Foi então feita uma drenagem no pulmão de Shoila (a primeira de muitas). “Eu estava morrendo afogada e não sabia”, desabafa.

Início do tratamento

Os primeiros passos rumo ao tratamento aconteceram em Curitiba, no Paraná. Ela e Luiz viajavam para lá, onde ficavam por cerca de uma semana, e depois voltavam para Timbó.

Após receber a confirmação que seu tumor (que já havia atingido o pulmão, peito e pescoço) era Linfoma Hodgkin, Shoila finalmente pode dar início ao tratamento de quimioterapia, que faz até hoje.

“Cheguei a ficar internada por 17 dias. Depois de um tempo, transferi meu tratamento de volta para cá (Santa Catarina) e hoje realizo ele em Blumenau. Os últimos exames que fiz apontam que o câncer está diminuindo, assim como minha coceira, que hoje em dia já é algo normal”, diz com alívio.

Apesar das dores que sente quando toma as injeções da quimioterapia, Shoila encara a vida com otimismo, fé e com o amor e carinho que recebe de seu marido todos os dias.

 Na saúde e na doença

Depois de tudo o que passou, Shoila perdeu mais de 20 quilos. Devido ao tratamento, muitas vezes se encontra debilitada e necessita de repouso, até mesmo para evitar sangramentos.

Toda a entrevista foi acompanhada de perto pelo marido Luiz, que completava suas frases quando necessário, além de demonstrar domínio sobre cada fase da doença que enfrentou junto à esposa.

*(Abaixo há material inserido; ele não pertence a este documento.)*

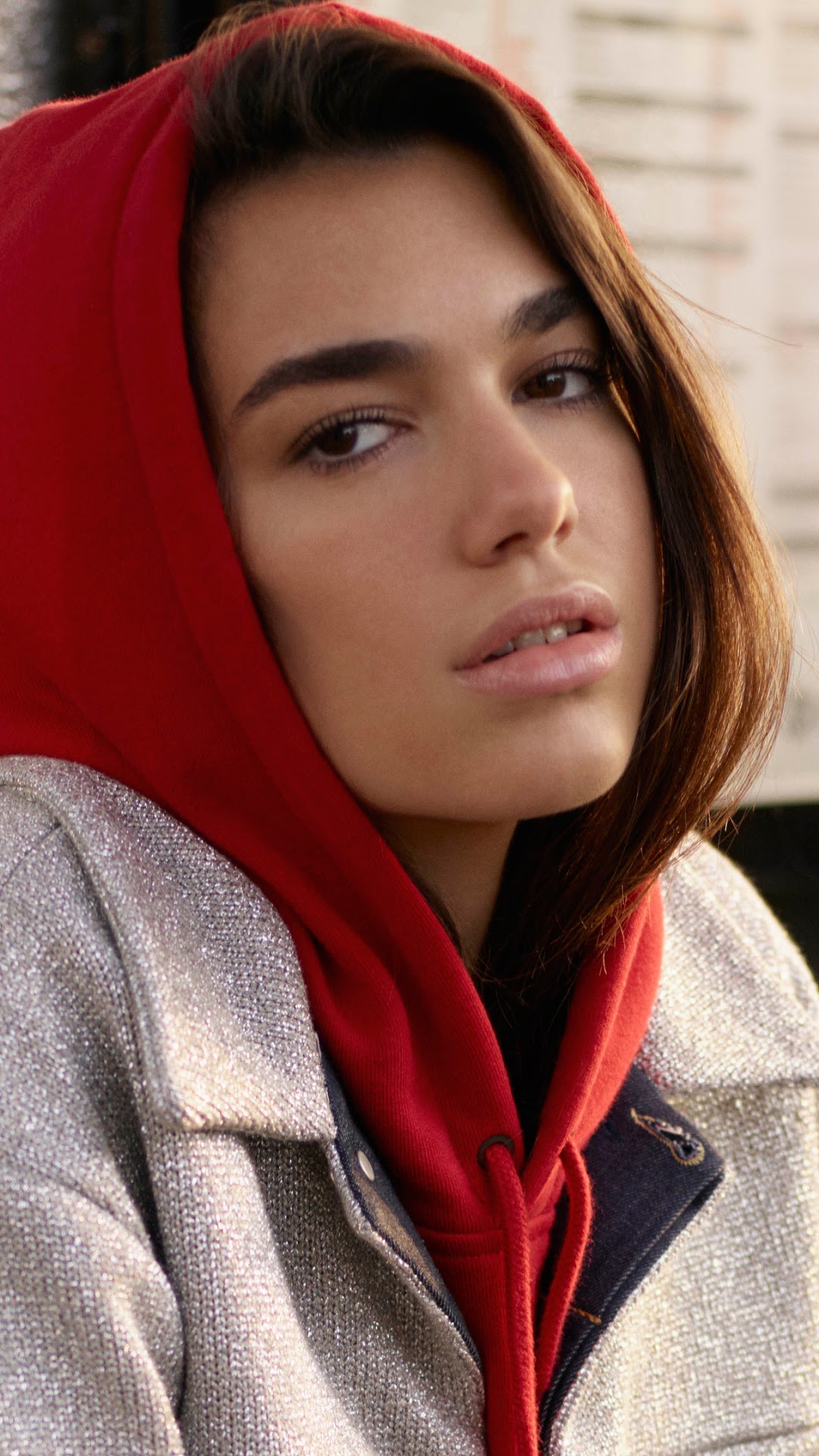 Dua Lipa wearing a red hoodie and silver jacket HD Phone Wallpaper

“Se eu não tivesse o companheiro que tenho, não estaria bem como estou agora. Ele faz tudo, me dá banho, faz curativo, vira enfermeiro, cuida da casa, traz o jantar na cama, lava, seca e guarda a roupa. Eu tenho consciência que 99% das pessoas não têm esse apoio, sou muito agradecida”, declara.

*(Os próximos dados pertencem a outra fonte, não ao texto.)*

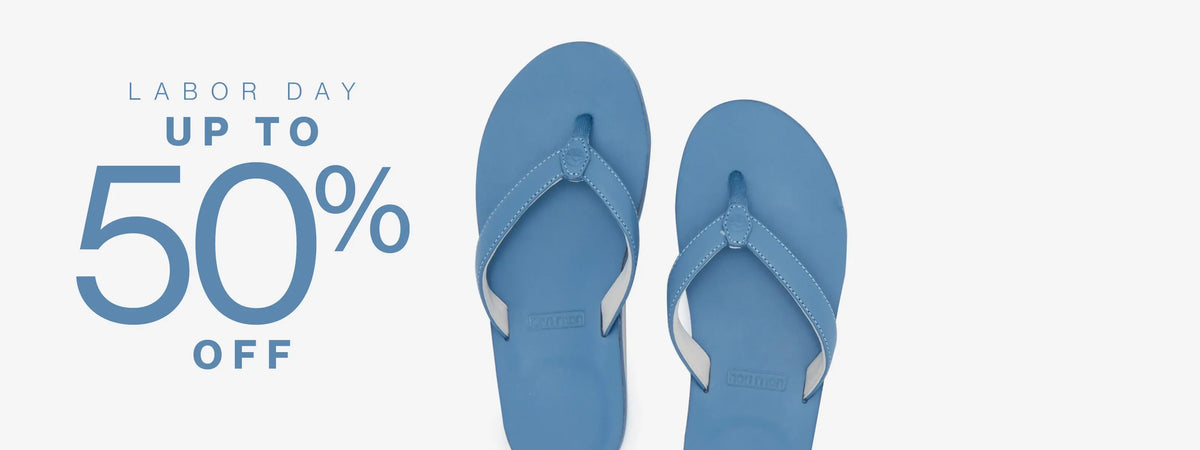 Blue leather flips flops featured on a grey background promoting "Labor Day Up to 50% off"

Luiz também destaca que todas as orações e mensagens recebidas até hoje são de fundamental importância e fazem a diferença. “Sou realista, sei que a morte esteve abraçada comigo. Encontrei em meio a essa situação o auxílio e amor de pessoas que nem conhecia, outras das quais não esperava. E hoje, o que mais quero é poder ajudar também, oferecer o conforto que quem passa por momentos assim precisa”, garante Shoila.

Casa de Apoio – um sonho de Shoila

Um dos projetos de Shoila para depois que estiver 100% curada é criar uma Casa de Apoio voltada a todos que estejam enfrentando o câncer, seja ele qual for.

“Quando você descobre a doença fica perdido, em busca de respostas e ajuda. E essa é a proposta, ajudar no processo de aceitação da doença, que é difícil, e principalmente na recuperação. A parte mais difícil da quimioterapia é da metade do tratamento em diante, que é o estágio no qual estou agora. Da mesma forma que procurei por esse apoio, outras pessoas já vieram até mim também em busca de respostas e sei da importância que elas têm”, desabafa.

Na hora de se despedir, o casal Busarello está acompanhando de Oliver (que ficou conosco durante toda a entrevista) e também de Julie, Lolla, Cindy e o pequeno Gringo. Entre risadas e brincadeiras, Shoila encerra a conversa repassando qual foi a principal lição em meio a isso tudo.

“Respirar é algo que você faz automaticamente, é o básico, e eu não conseguia, hoje agradeço todos os dias a Deus por acordar, estar respirando, não sentir coceira, por suportar a dor. Meu maior objetivo é a saúde e cada dia de vida é uma vitória”, reflete.